◆ **What the task requires**: Pictures aside, write every record out again word for word.

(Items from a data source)
____________________
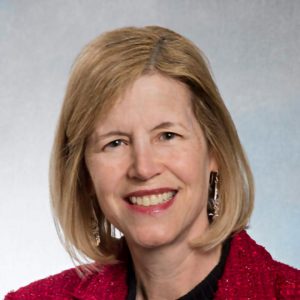 Photo of JoAnn E. Manson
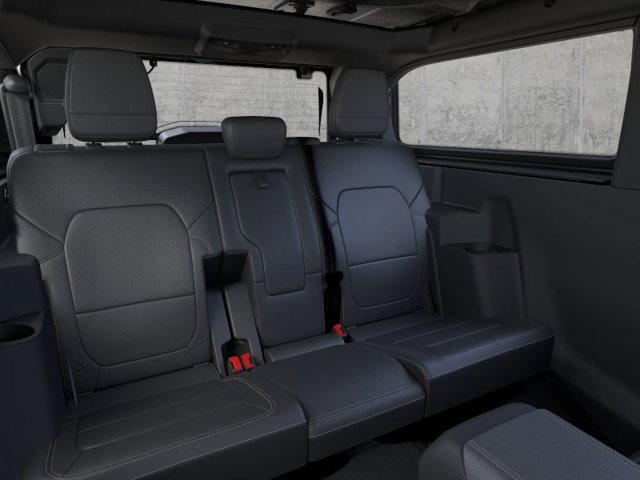 new 2025 Ford Bronco car, priced at $61,720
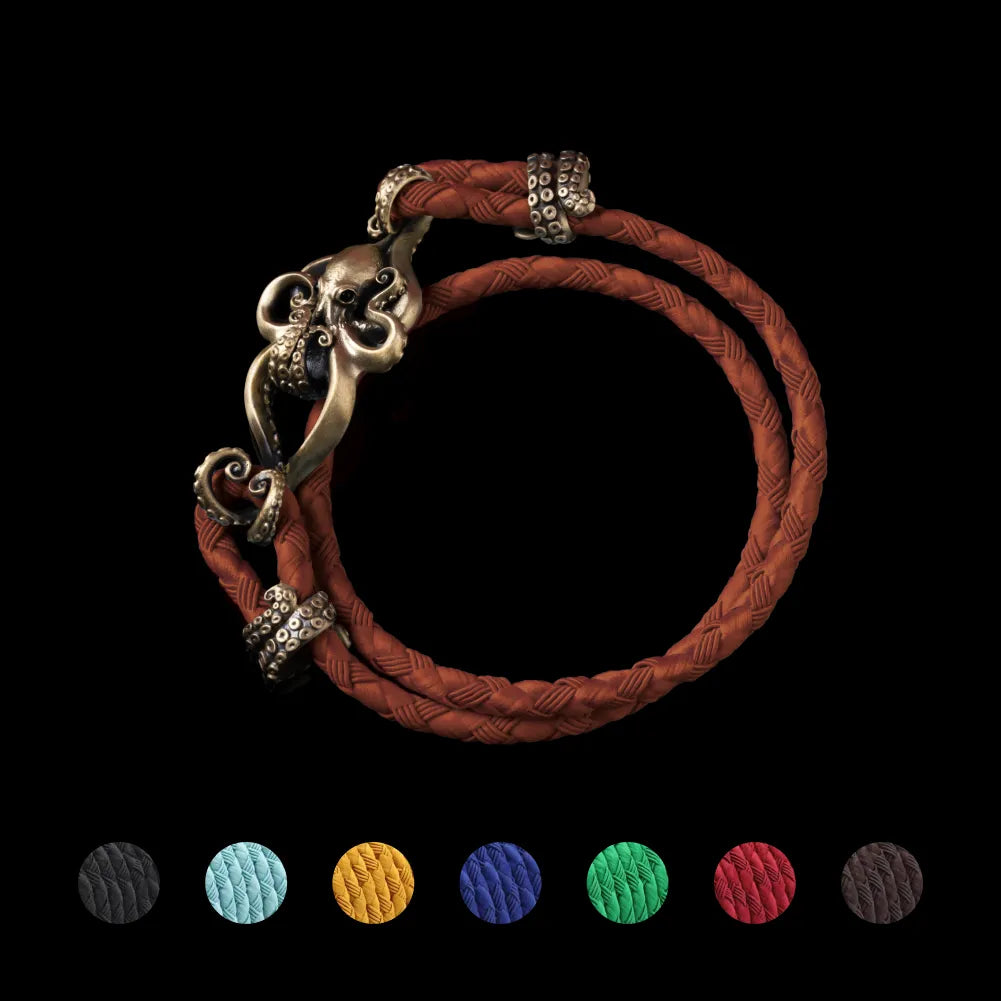Octopus Rope Bracelet image 54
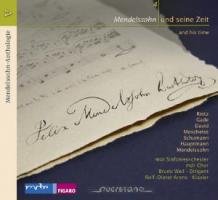 Picture of MDR Sinfonieorchester/Meistersextett Leipzig/... - Mendelssohn Anth. V:Mendelssohn und seine Zeit 4
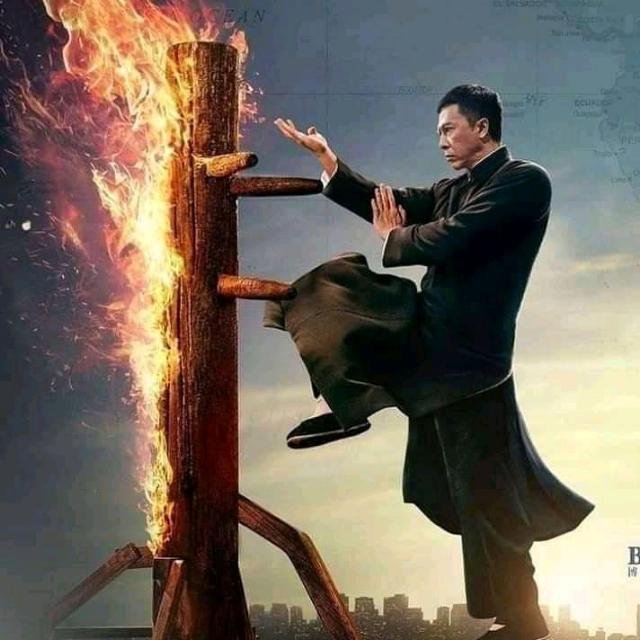 WE LOVE KUNGFU WhatsApp Group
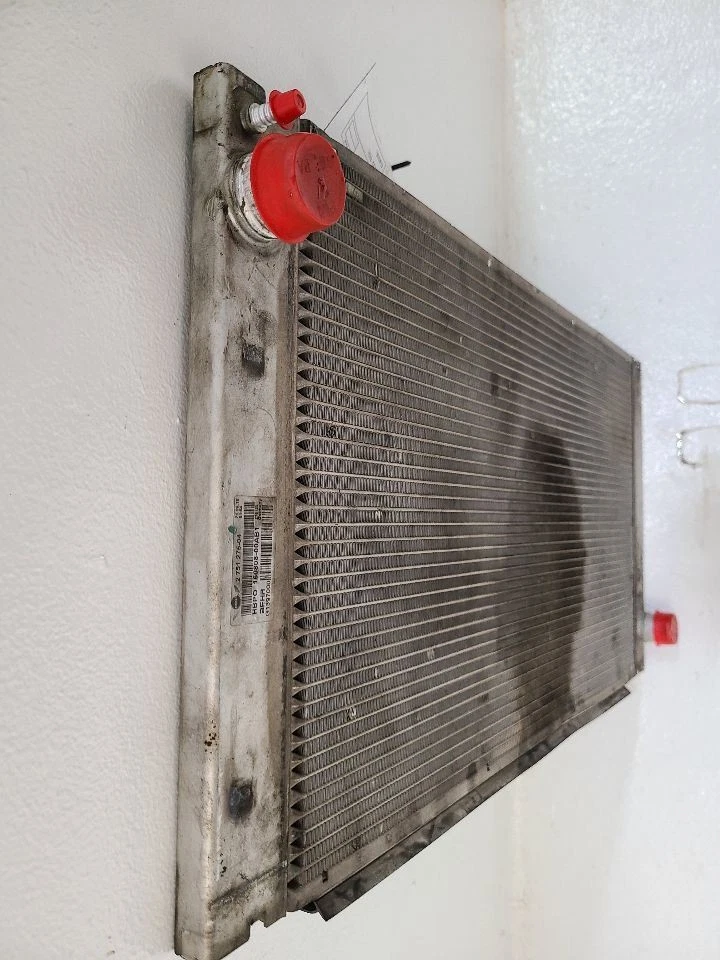 2007-2015 MINI COOPER Radiator Convertible John Cooper Works 17112751275 Foto 2 de 4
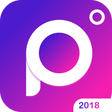 プログラムのアイコン：PICFY : Square Picture Ed…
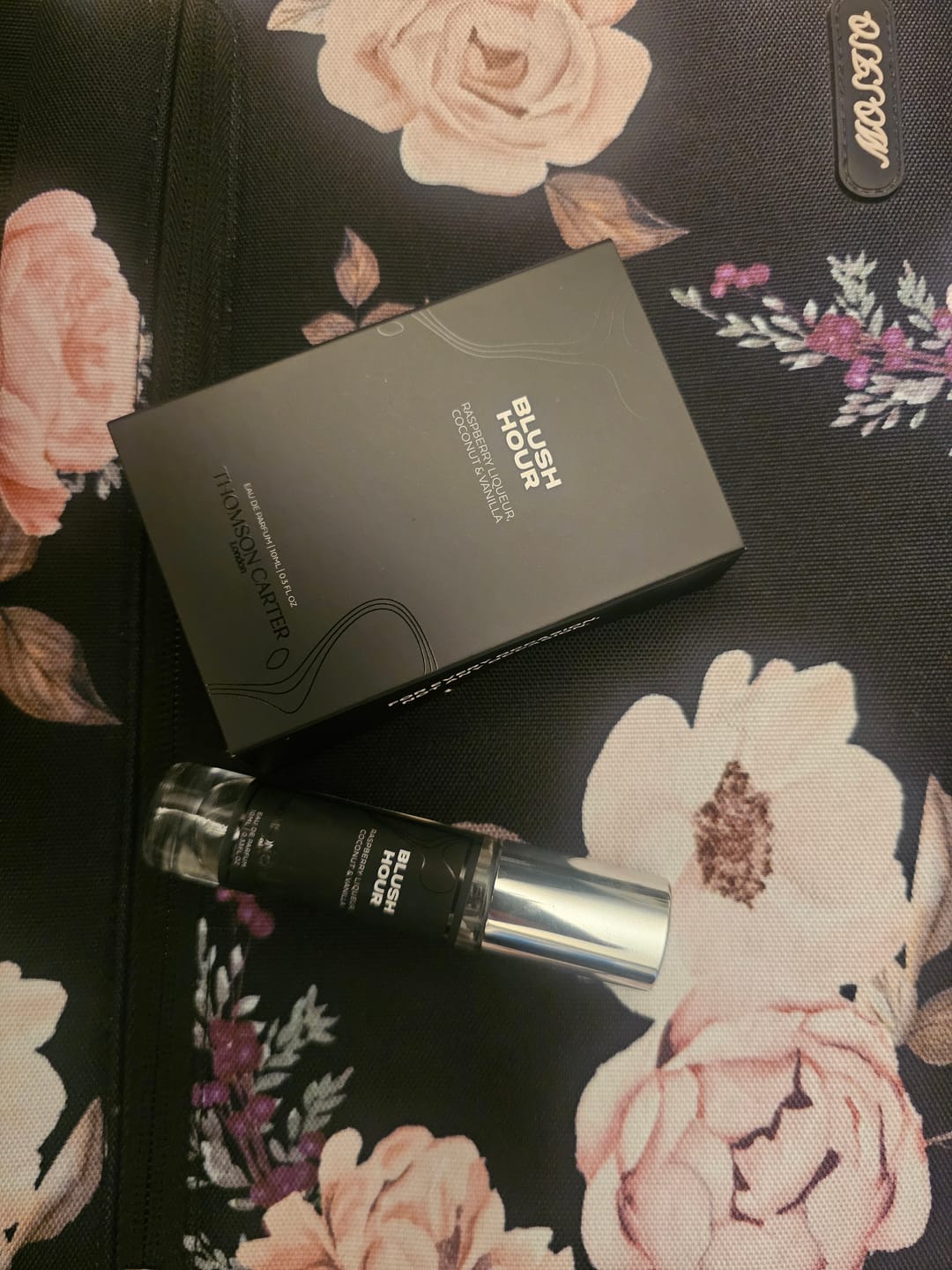 Customer photo review of Blush Hour | Eau de Parfum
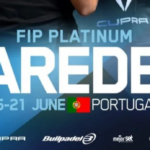 fip platinum paredes | Padel Magazine fip platinum paredes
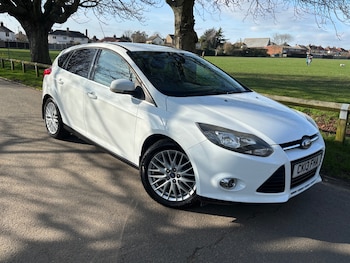 Ford Focus feature image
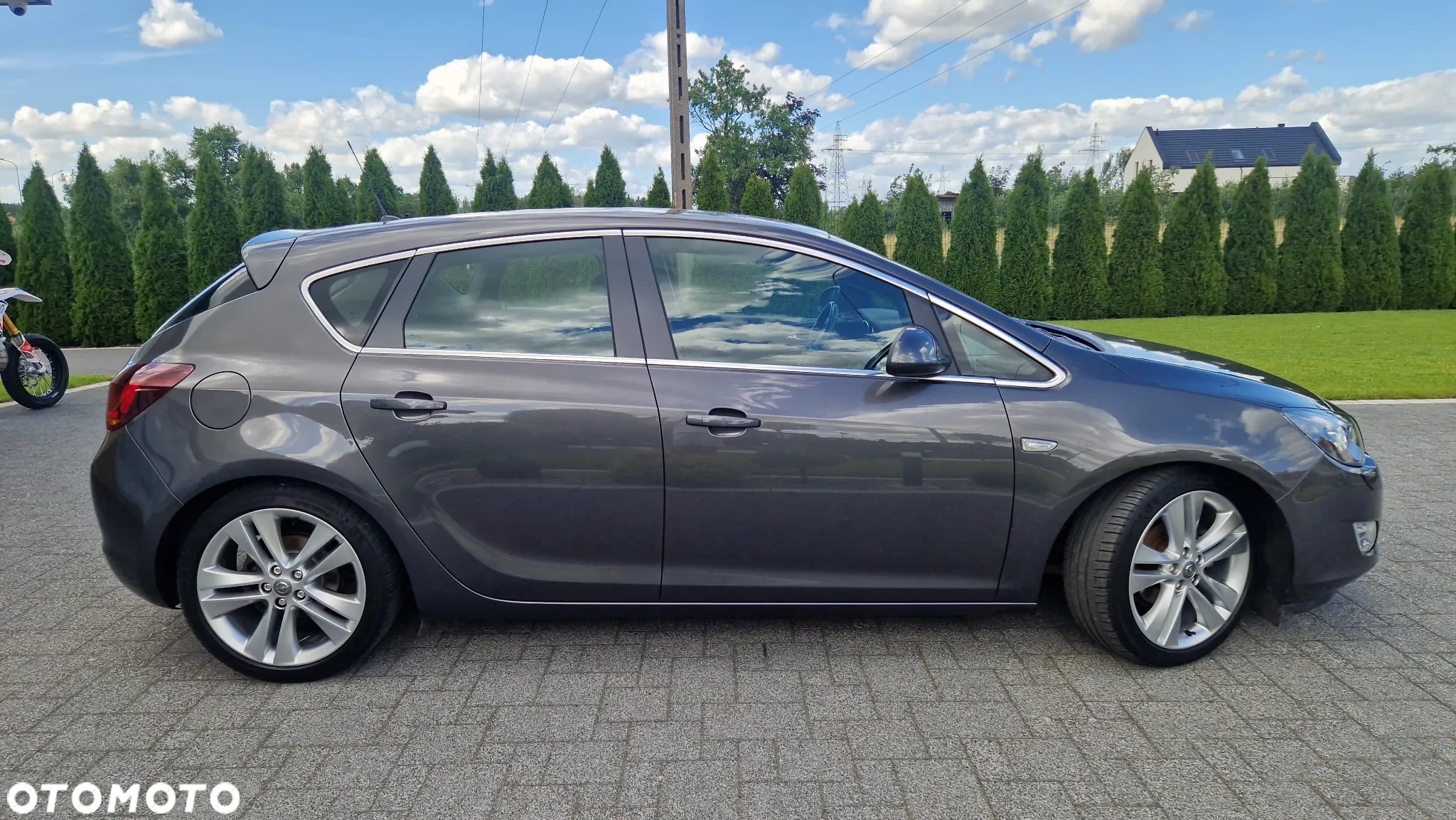 Opel Astra 1.6 Automatik Cosmo - 21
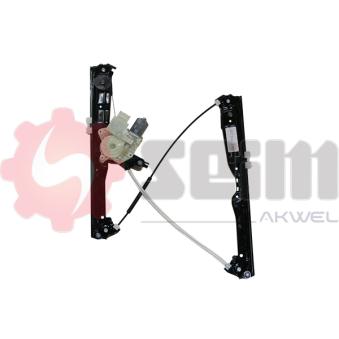 Lève-vitre avant gauche SEIM OEM 9826079580 Lève-vitre avant gauche SEIM OEM 9826079580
____________________
◆ **Task response**:
 Photo of JoAnn E. Manson
 new 2025 Ford Bronco car, priced at $61,720
Octopus Rope Bracelet image 54
 Picture of MDR Sinfonieorchester/Meistersextett Leipzig/... - Mendelssohn Anth. V:Mendelssohn und seine Zeit 4
 WE LOVE KUNGFU WhatsApp Group
 2007-2015 MINI COOPER Radiator Convertible John Cooper Works 17112751275 Foto 2 de 4
 プログラムのアイコン：PICFY : Square Picture Ed…
 Customer photo review of Blush Hour | Eau de Parfum
 fip platinum paredes | Padel Magazine fip platinum paredes
 Ford Focus feature image
 Opel Astra 1.6 Automatik Cosmo - 21
 Lève-vitre avant gauche SEIM OEM 9826079580 Lève-vitre avant gauche SEIM OEM 9826079580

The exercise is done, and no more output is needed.